[WHAT YOU SHOULD DO]: The material below holds pictures, which are to be left out; copy exactly the lines from the one with "Star Citizen - new DLAA 4.5 drivers update" through the one with "Used Eaton Cutler-Hammer".

[DATA FOR REVIEW]:
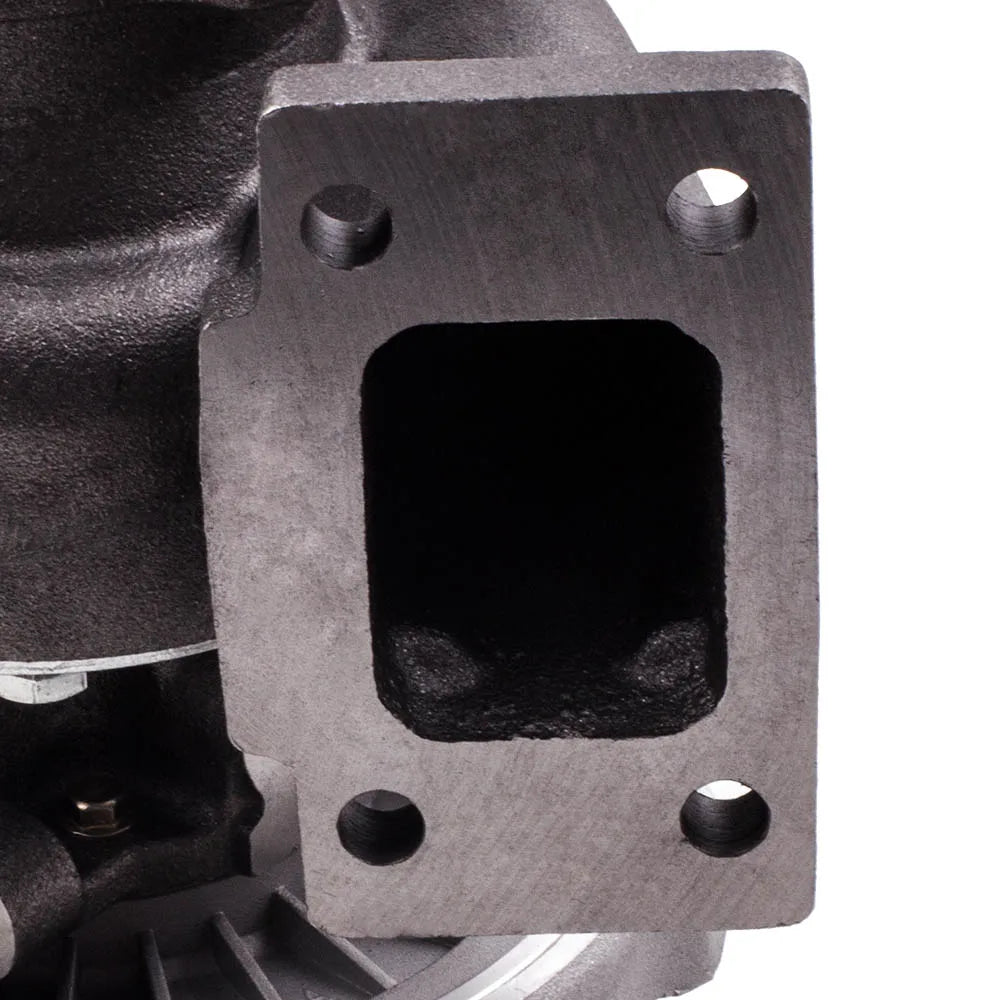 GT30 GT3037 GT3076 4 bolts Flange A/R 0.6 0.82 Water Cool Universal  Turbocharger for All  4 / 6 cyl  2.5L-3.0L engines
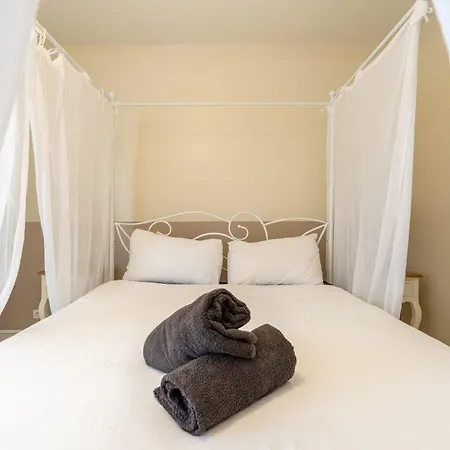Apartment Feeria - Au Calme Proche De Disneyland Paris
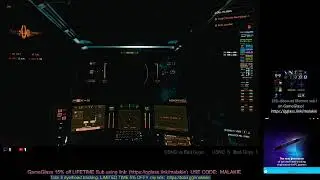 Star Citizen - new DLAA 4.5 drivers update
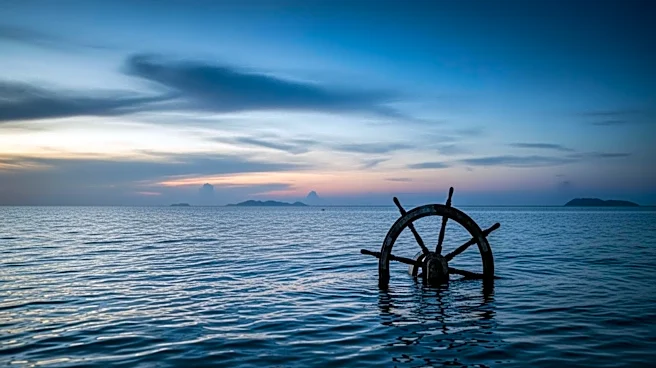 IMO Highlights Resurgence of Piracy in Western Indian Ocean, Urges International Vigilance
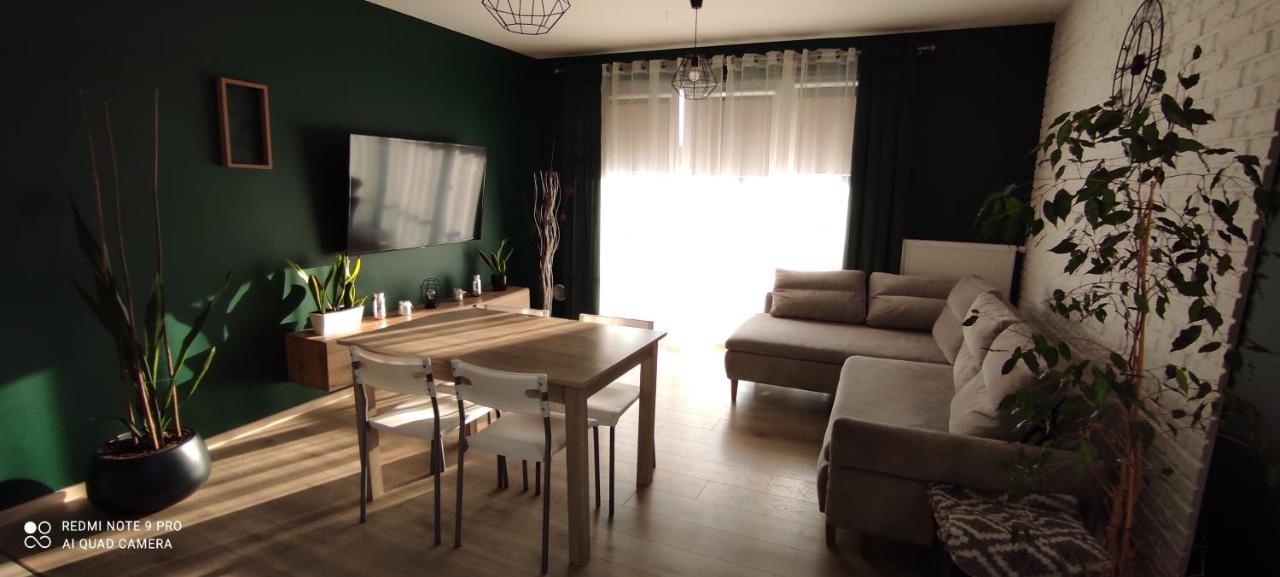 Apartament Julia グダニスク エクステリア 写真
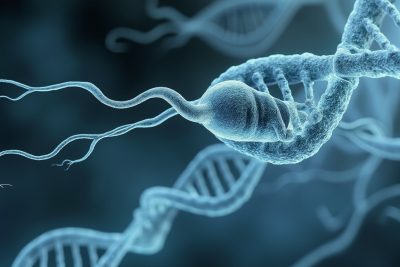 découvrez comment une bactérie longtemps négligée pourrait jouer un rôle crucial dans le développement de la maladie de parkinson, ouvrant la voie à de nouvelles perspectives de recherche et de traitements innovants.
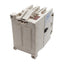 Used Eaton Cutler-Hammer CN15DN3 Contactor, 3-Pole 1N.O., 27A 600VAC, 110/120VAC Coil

==

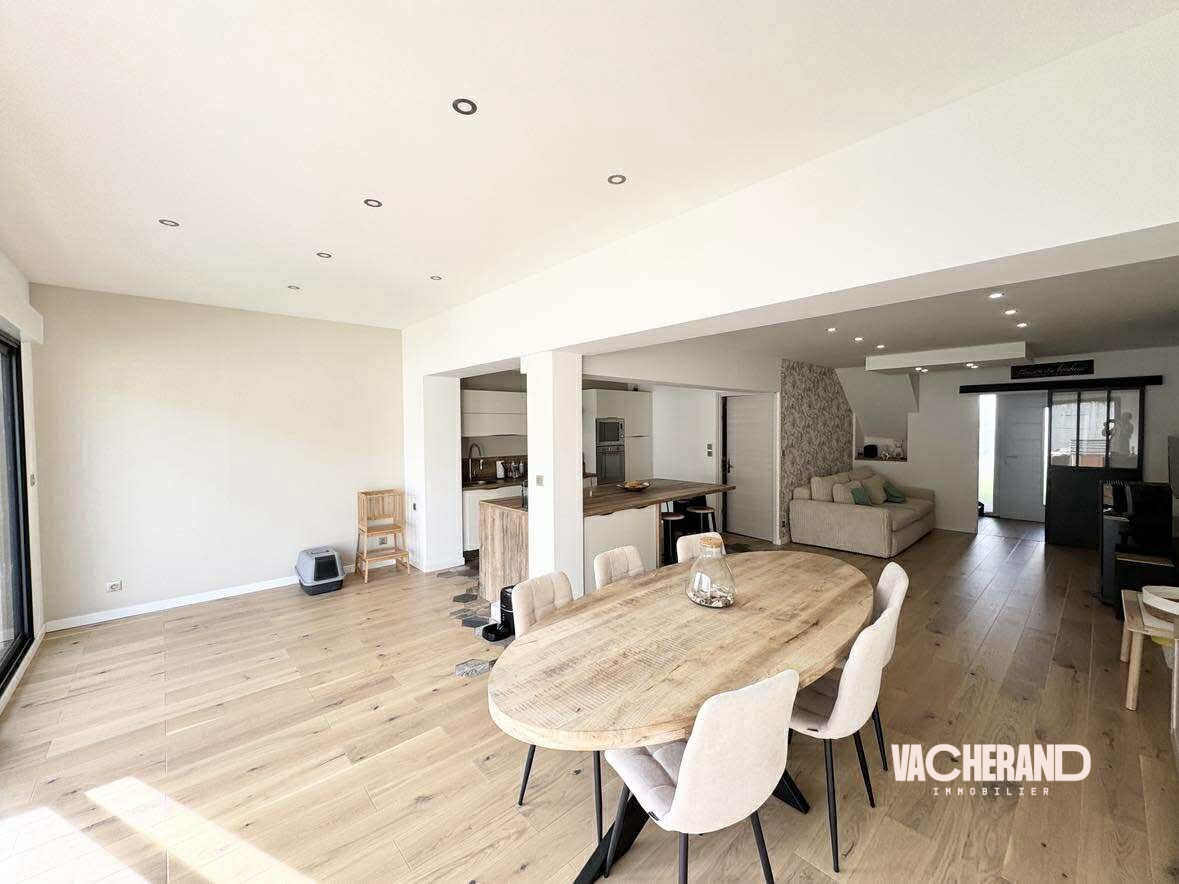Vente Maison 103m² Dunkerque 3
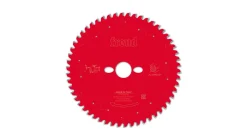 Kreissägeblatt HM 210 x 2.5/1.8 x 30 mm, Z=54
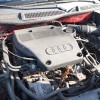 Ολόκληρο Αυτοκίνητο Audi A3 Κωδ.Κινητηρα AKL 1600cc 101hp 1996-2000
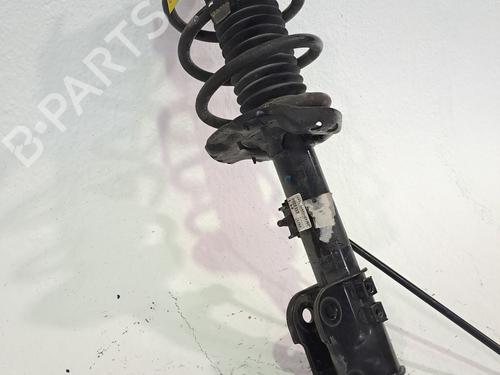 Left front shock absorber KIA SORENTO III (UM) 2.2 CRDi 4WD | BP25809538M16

[YOUR SOLUTION]:
 Star Citizen - new DLAA 4.5 drivers update
 IMO Highlights Resurgence of Piracy in Western Indian Ocean, Urges International Vigilance
 Apartament Julia グダニスク エクステリア 写真
 découvrez comment une bactérie longtemps négligée pourrait jouer un rôle crucial dans le développement de la maladie de parkinson, ouvrant la voie à de nouvelles perspectives de recherche et de traitements innovants.
 Used Eaton Cutler-Hammer CN15DN3 Contactor, 3-Pole 1N.O., 27A 600VAC, 110/120VAC Coil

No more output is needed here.